Yesterday's work was pre-empted by life. In the morning, I was exercising and running errands. I thought I'd work last night, but then we had one mother of a storm. Two tornados were spotted in this county - neither were too close to me, and both headed away from where I'm at, so it's all good.
I don't like storms, but I'm fascinated by them. It's almost like the way a deer is fascinated by headlights - until they get run over by a semi, that is.
Once when I was a teenager, I was home alone during a tornado warning and I spent the entire time standing on the porch watching the clouds swirl in circles above me. I was scared shitless, but I couldn't stop watching. Or take yesterday, for example. I really probably should have been hiding in the basement watching the weather on TV. Instead I was wandering the house looking out all the windows, monitoring the warnings on the boob tube, and refreshing the radar online every few minutes.

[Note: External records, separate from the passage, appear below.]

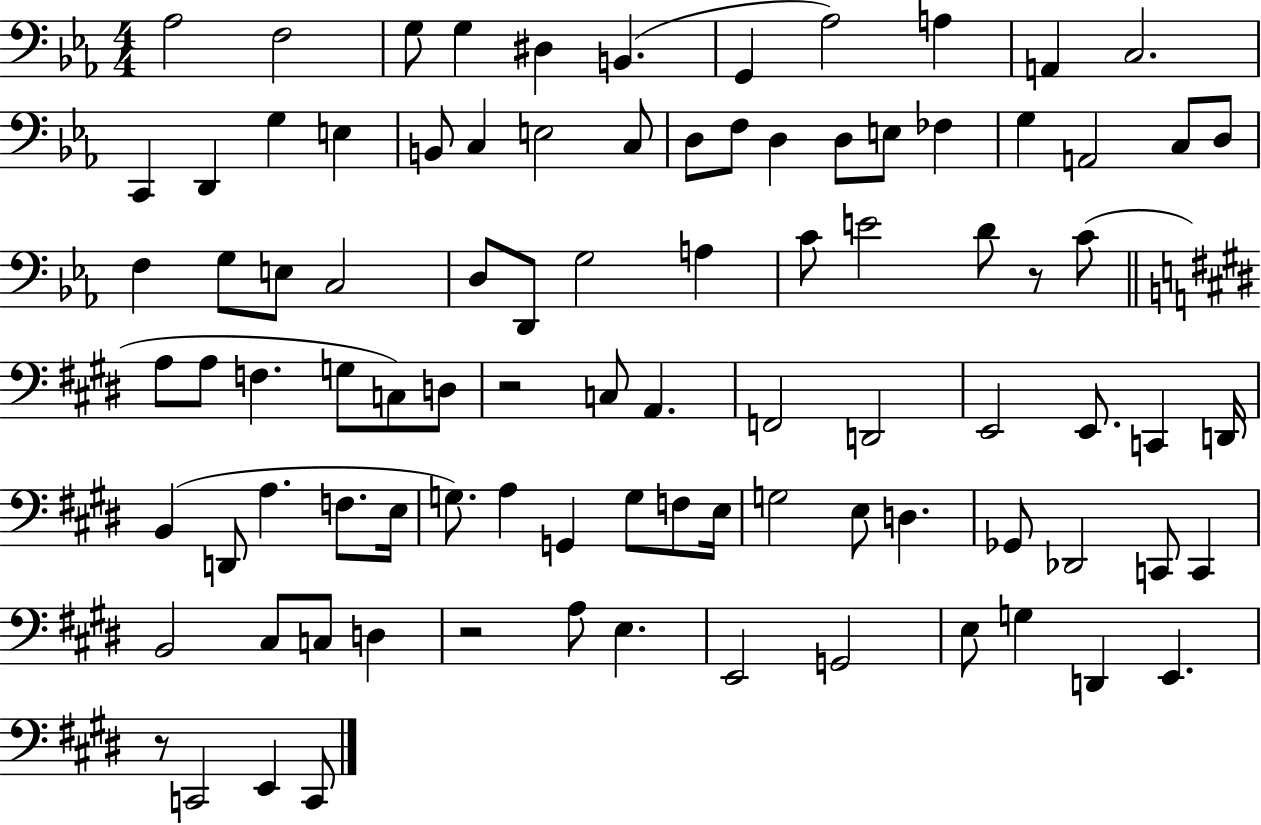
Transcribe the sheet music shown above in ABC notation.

X:1
T:Untitled
M:4/4
L:1/4
K:Eb
_A,2 F,2 G,/2 G, ^D, B,, G,, _A,2 A, A,, C,2 C,, D,, G, E, B,,/2 C, E,2 C,/2 D,/2 F,/2 D, D,/2 E,/2 _F, G, A,,2 C,/2 D,/2 F, G,/2 E,/2 C,2 D,/2 D,,/2 G,2 A, C/2 E2 D/2 z/2 C/2 A,/2 A,/2 F, G,/2 C,/2 D,/2 z2 C,/2 A,, F,,2 D,,2 E,,2 E,,/2 C,, D,,/4 B,, D,,/2 A, F,/2 E,/4 G,/2 A, G,, G,/2 F,/2 E,/4 G,2 E,/2 D, _G,,/2 _D,,2 C,,/2 C,, B,,2 ^C,/2 C,/2 D, z2 A,/2 E, E,,2 G,,2 E,/2 G, D,, E,, z/2 C,,2 E,, C,,/2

Anyway, yesterday's storm passed without too much trauma. A lot of limbs were blown out of trees. After what appeared to be an inch of rain in an hour, the leak in my basement sprouted anew, and I spent some time (and a lot of towels) stemming the flow, so the drywall we just got dry again would stay that way.

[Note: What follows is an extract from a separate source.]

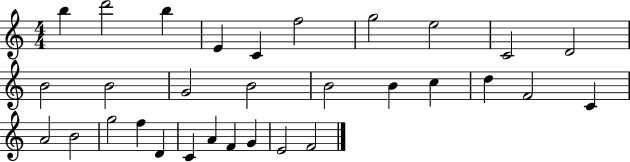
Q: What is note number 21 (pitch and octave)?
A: A4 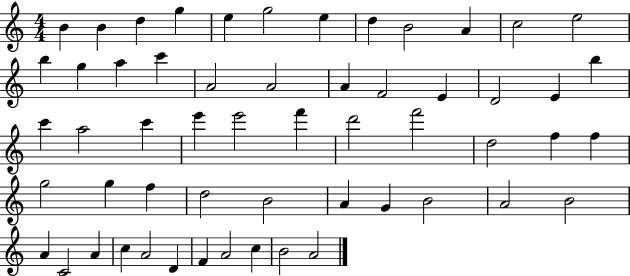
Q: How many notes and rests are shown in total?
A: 56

My husband took a nap just before the storm headed this way, and he slept through it all. Lucky guy. I would've woken him if it got really nasty, but it wasn't. He shrugs off storms anyway. I'm the one who quietly freaks out.
Since I was a kid, I've been this way. You wouldn't think growing up in Michigan would present a lot of tornado encounters, but I lived at the West end of what we referred to as Tornado Alley. (Not to be confused with the major Tornado Alley that runs through the middle of the nation.) Between Lansing and Flint there's a lot of flat farmland. Tornados regularly spawn in there and drop on Genesee County. Sure, they're only EF1 or EF2, but still pretty scary. Needless to say, many hours of my childhood were spent in our basement while my father wandered the house watching for a funnel to drop.

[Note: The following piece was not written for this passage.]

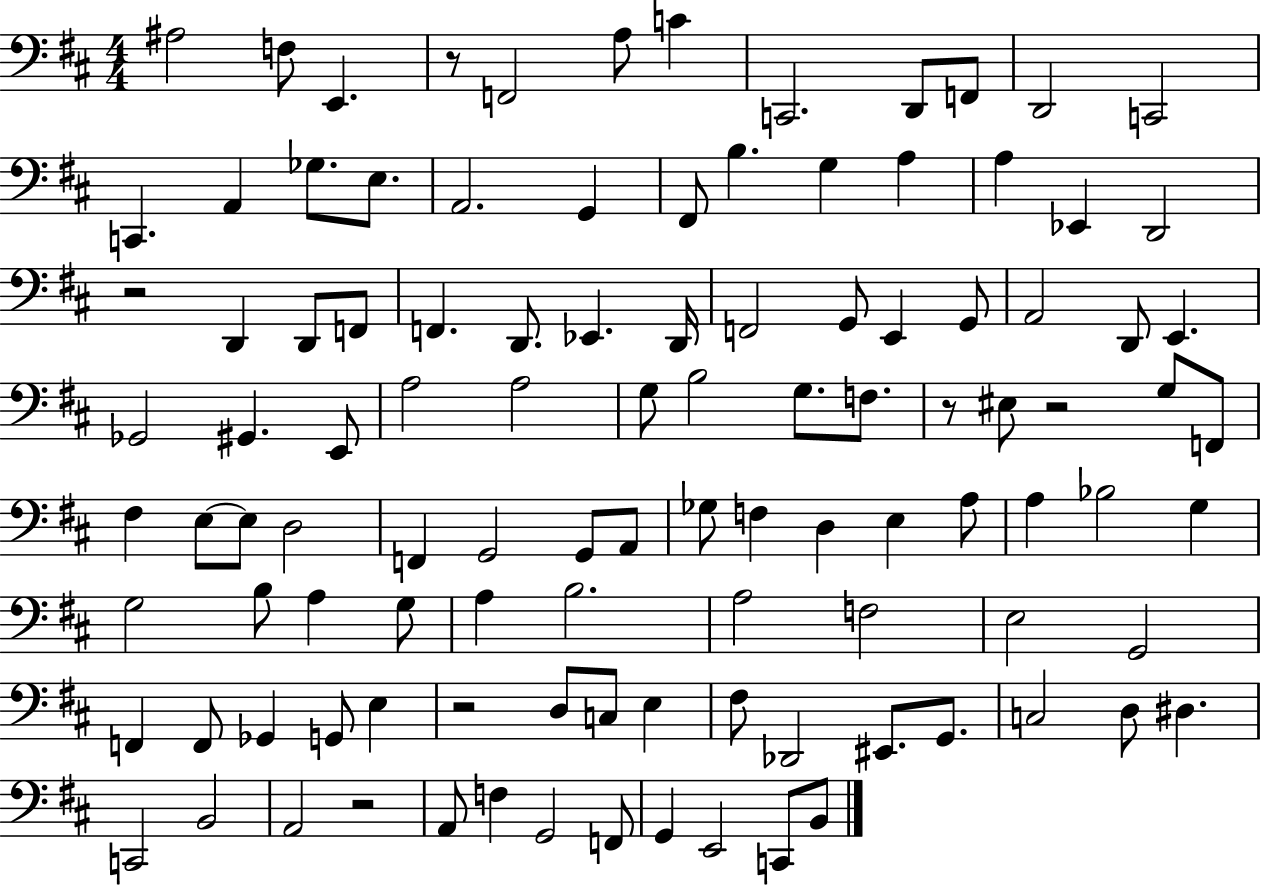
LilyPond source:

I come by this honestly. I learned later Dad was terrified of tornados. That's why he wandered the house. He couldn't stand waiting in the basement for the worst to happen. He wanted to see it coming, so he could - I'm guessing - keep his family safe. For our part, we kids spent the time collecting cobwebs into cotton candy, and catching salamanders. Mom usually sat on a chair by the stairs and read. We never worried because Dad did the worrying for us. If he'd called down that he saw a tornado, we all would've taken further shelter, but he never had to.
So, I spend my tornado time wandering the house while Darling Daughter waits in the basement. If it gets bad enough - like last year - I go wait with her and the cat while the man of the house scans the skies. (You should've seen us crammed into the bathtub of the last house, but that's another story.)
How do you handle bad weather?
Oh, and since it's supposed to be time for the Saturday Super Site, I'll give you a couple weather sites I couldn't live without - Weather Underground and The Weather Channel. Oh, and a fun weather blog by some storm chasers - The Southern Weather Brigade.